Landmark ruling: Court allows second wife to bury husband
In a landmark ruling on burial disagreements, a court in Milimani, Nairobi has allowed a second wife to bury her 100-year-old husband of over 40 years.
Senior Principal Magistrate Gerald Gitonga departed from the norm of burying polygamous men in homesteads of the first wife by allowing Sarah Kathambi Igweta to inter Silas Kamuta Igweta, with whom she lived in Westlands, Nairobi until February 17, 2024, when he succumbed to old age.
He, however, suspended the burial order for 14 days to allow the first family to challenge the decision.
Mr Gitonga ruled that under the Burial Rights Act, a deceased should be buried by the person with whom he/she lived.
Kamuta's first wife, Grace Rigiri, 94, had opposed the burial of her husband by Kathambi, 78.

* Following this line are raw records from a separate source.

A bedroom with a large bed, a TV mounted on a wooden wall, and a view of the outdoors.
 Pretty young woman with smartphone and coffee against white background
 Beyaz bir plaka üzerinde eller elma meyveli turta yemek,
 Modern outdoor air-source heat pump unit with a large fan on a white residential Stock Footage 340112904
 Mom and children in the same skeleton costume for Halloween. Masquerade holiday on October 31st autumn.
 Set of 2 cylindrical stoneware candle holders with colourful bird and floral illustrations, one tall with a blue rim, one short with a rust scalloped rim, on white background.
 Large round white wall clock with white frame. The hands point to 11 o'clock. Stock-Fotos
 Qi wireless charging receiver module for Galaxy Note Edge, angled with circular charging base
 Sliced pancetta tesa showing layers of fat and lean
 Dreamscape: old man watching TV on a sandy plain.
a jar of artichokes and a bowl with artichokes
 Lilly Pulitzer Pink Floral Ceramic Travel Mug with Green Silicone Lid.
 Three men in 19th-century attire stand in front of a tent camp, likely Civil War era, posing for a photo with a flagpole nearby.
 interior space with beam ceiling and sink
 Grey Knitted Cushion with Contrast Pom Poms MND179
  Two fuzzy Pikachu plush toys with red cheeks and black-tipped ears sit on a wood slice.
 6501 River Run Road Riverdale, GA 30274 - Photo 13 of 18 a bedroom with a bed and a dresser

She claimed that Meru culture gives her the right to bury her husband. But Sarah disagreed, saying the deceased had quit his first marriage of 40 years thus she had the right to bury him.
Defence lawyers Danstan Omari, Shadrack Wambui and Nelson Githinji, for the second family (Sarah's), urged the court to depart from the norm because Kenyan law and the Constitution do not specify where a polygamous man should be buried when he dies.
In a ruling by Mr Gitonga, the court said a person should be laid to rest where he lived at the time of his death.
"I hereby order and direct that Sarah be allowed to bury the deceased husband in accordance with Christian and Meru rites," ruled Mr Gerald.
The two families were fighting on where to bury the late. The first is against the decision to entomb the man at the second family's house.
Rigir, had gone to court and obtained an order stopping the burial. According to her, she was married to the deceased and he should be buried at her home in Embu County.
But the second family says the late separated from the first wife over 40 years ago and, therefore, she has no right to say they lived together as husband and wife.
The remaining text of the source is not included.